The first paper in this topic area on traffic simulation using real data set to improve the shortest travel time from point A to point B. The simulation platform is a part of the Visual IoT/Robotics Programming Language Environment (VIPLE) [15]. The simulation experiments allow the user to program and control a particular vehicle to navigate through the map with traffic. The traffic can be generated randomly or in a controlled way. In this paper, the real data set recorded by Maricopa Country in Arizona government to generate the traffic in a controlled way, so that the controlled vehicle can dynamically recalculate the route based on the current traffic simulation [16]. The application creates an environment similar to Google Maps drive direction, with the capacity of finding the shortest-time path to the destination in dynamic traffic situations. Since the developed simulation platform can be programmed in a visual language and has a simplified user interface, the simulation experiments can be developed and conducted with a short learning curve for education purposes, and the experiment environment can be used in any course-related algorithm, transportation, scheduling, etc.

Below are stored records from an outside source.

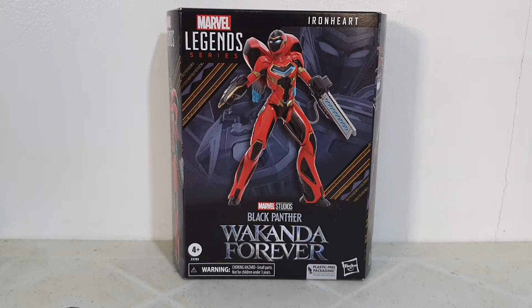Good day YouTubers, this is Carlito and welcome again to my YouTube channel. For today we'll be doing an unboxing and short review of the Marvel Legends Wakanda Forever Deluxe Iron Heart. I was able to purchase this through Amazon — they currently have a promo with free shipping where you order from the US and ship it here to the Philippines.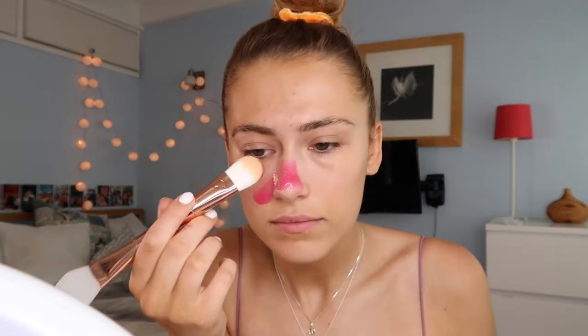I got this Revolution brush from Beauty Bay and it's a face mask brush so it has a little rubber bit at the end so you can apply it without it getting in the bristles. I used to use a normal makeup brush and all the face mask got in the bristles and it was kind of disgusting. Although to apply on the nose it is a lot easier to use the bristle ends.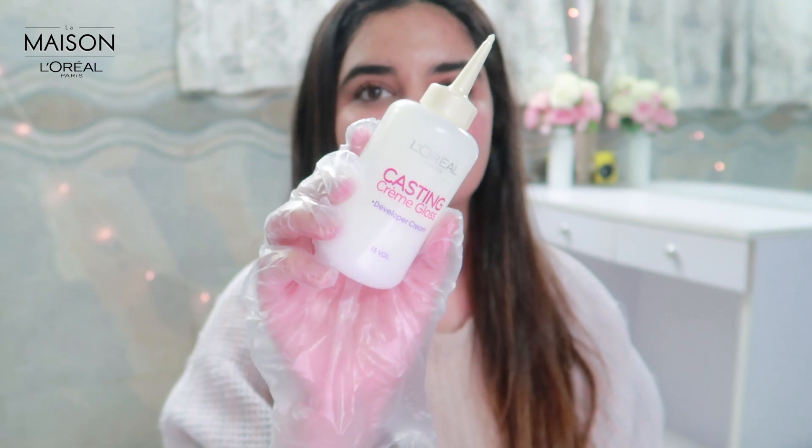You get three things in the package. One is the Casting Creme Gloss developer, then we have the Casting Creme Gloss colorant, and we also have a conditioner which I'll tell you about later. As a beginner I want to ask — what is the developer versus the colorant? The developer is the base and the colorant is what actually gives the color. Mixing both of them will give you the color you want.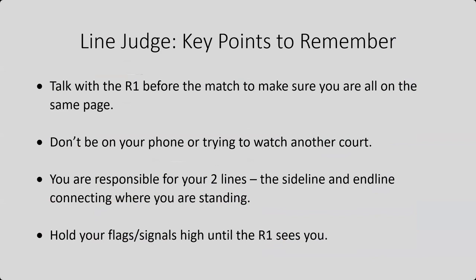Hold your flags or signals high until the R1 sees you. Don't release your signal until you know the R1 sees you. The R1 can call you off if they saw something different, or they might not have even noticed you. If you see the ball down, hold that signal until somebody sees you. Hopefully these tips and signals will help you to be a successful line judge. Thanks for listening.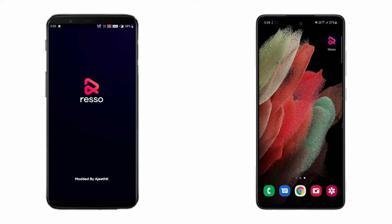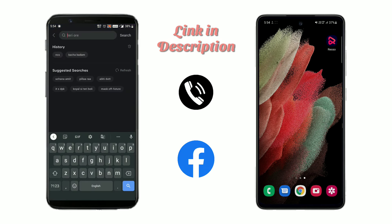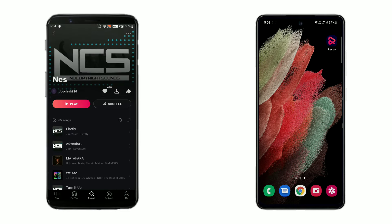You will need the latest modified version on both devices. You can download it from the description. After downloading, sign in by number or Facebook — signing through Google is not working yet. Now follow the steps as shown in the video.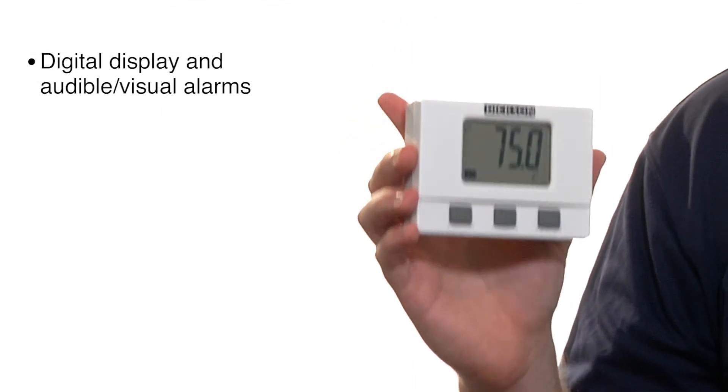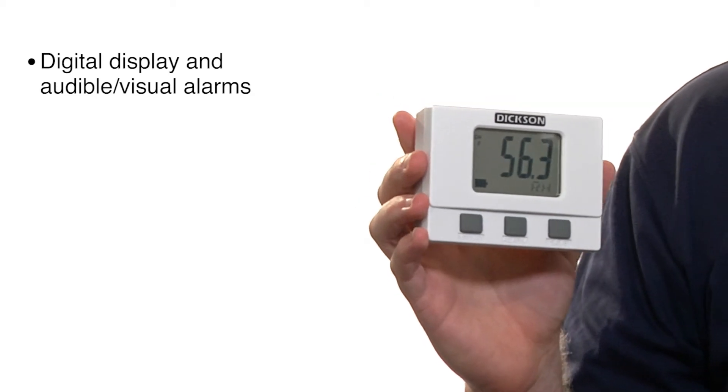Hi, I'm Matt with the Dixon Company. Today I'm talking about our SMTM line of data loggers. These are temperature and temperature humidity monitoring loggers. These feature a large digital display, audible and visual alarms,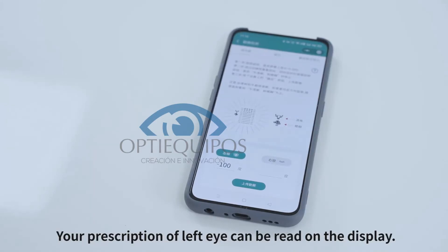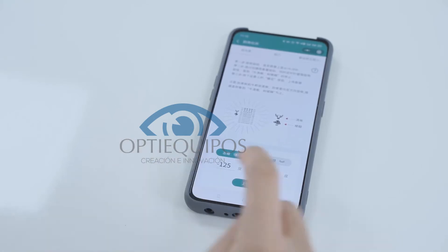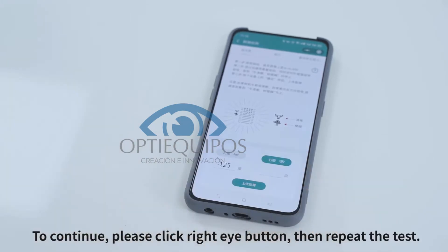Your prescription for the left eye can be read on the display. To continue, please click the right eye button, then repeat the test.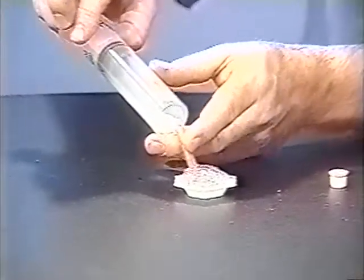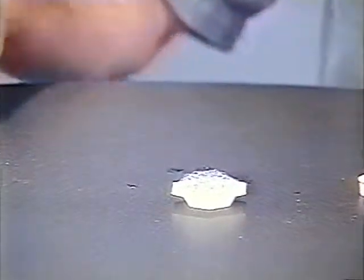Make as big a mound as you want, then I'll cap the syringe. We'll go ahead and ignite it — this will be sort of loud.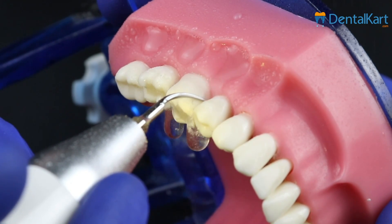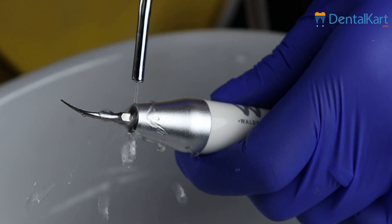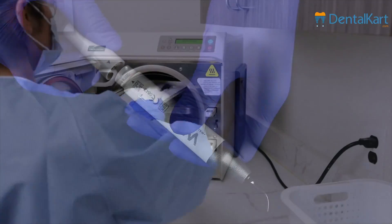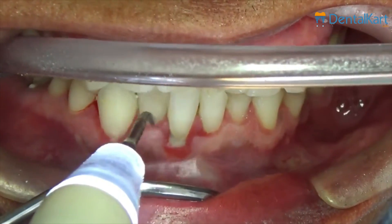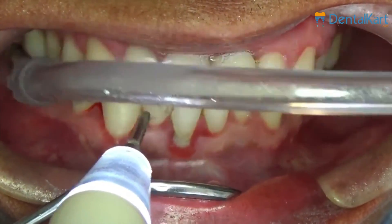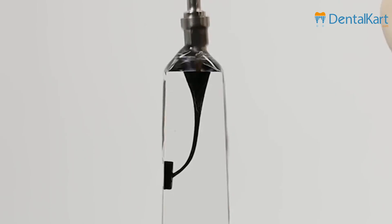After completing scaling, keep working for 30 seconds under the water supply to clean the handpiece and tip. Remove the tip and then pull out the handpiece for sterilization. It is intended for use in removing tartar and plaque from the surface of teeth as well as from periodontal pockets, and for cleaning and washing root canals.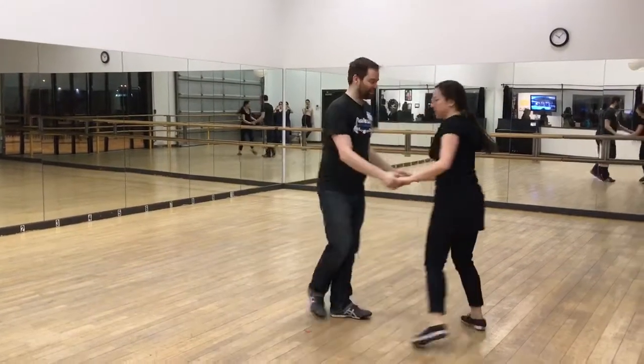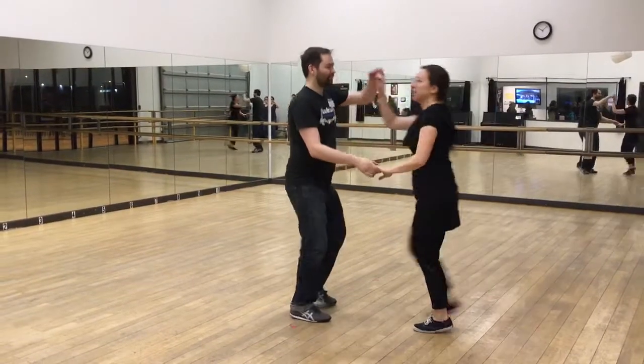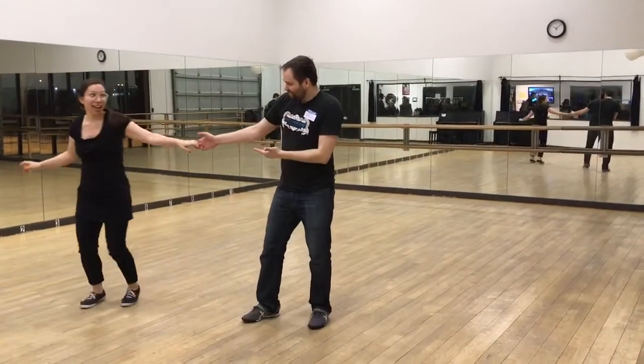Then we did an eight count. Let's show it by your face so you can see the roll out. One, two, three, four, five, six, seven, eight.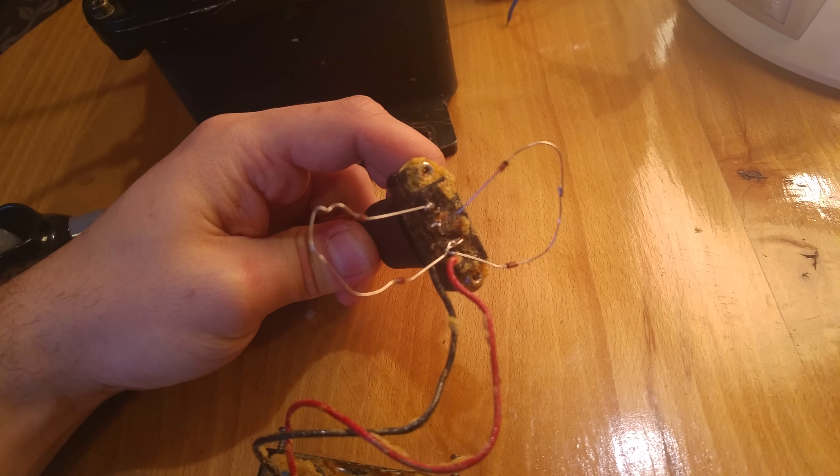I believe that was a 70-degree Celsius thermal fuse. So if the detection by the diodes stops working, I'll have an emergency cutoff — the thermal fuse will cut the circuit.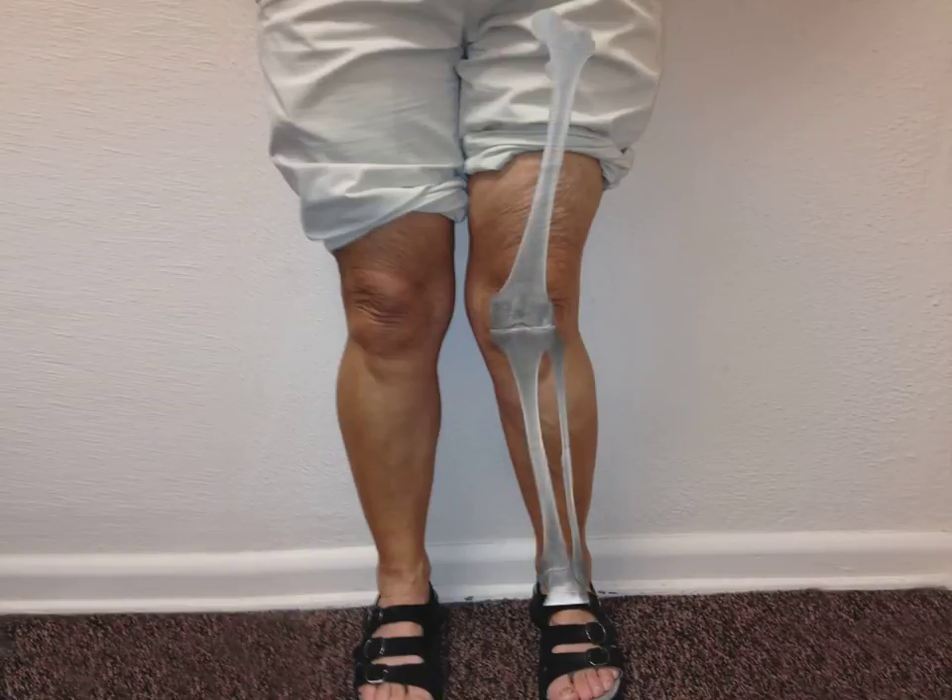Here is the x-ray of Mary's whole left leg. As I draw a straight line from her hip to her ankle, notice how Mary's knee sits significantly to the inside of this line. Before she had developed arthritis, Mary's knee was positioned directly through this line. The years of arthritis have caused her knee to move out of normal alignment.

The second paper in this topic area investigates the factors affecting the ecologicalization of urban industrial structure. The paper quantitatively studies and analyzes the relevance between green finance development and the ecologicalization of urban industrial structure. It is based on a comprehensive index of green finance development using the panel data of target cities from the period 2012–2020 [17]. The analytic results illustrate that the green finance development significantly enhances the ecologicalization level of urban industrial structure. Particularly, green finance plays a stronger role in promoting the ecologicalization of industrial structure in economically developed regions than that in economically underdeveloped region. The research results can provide an invaluable policy guidance to the urban green financial market planning and related green product innovation [18].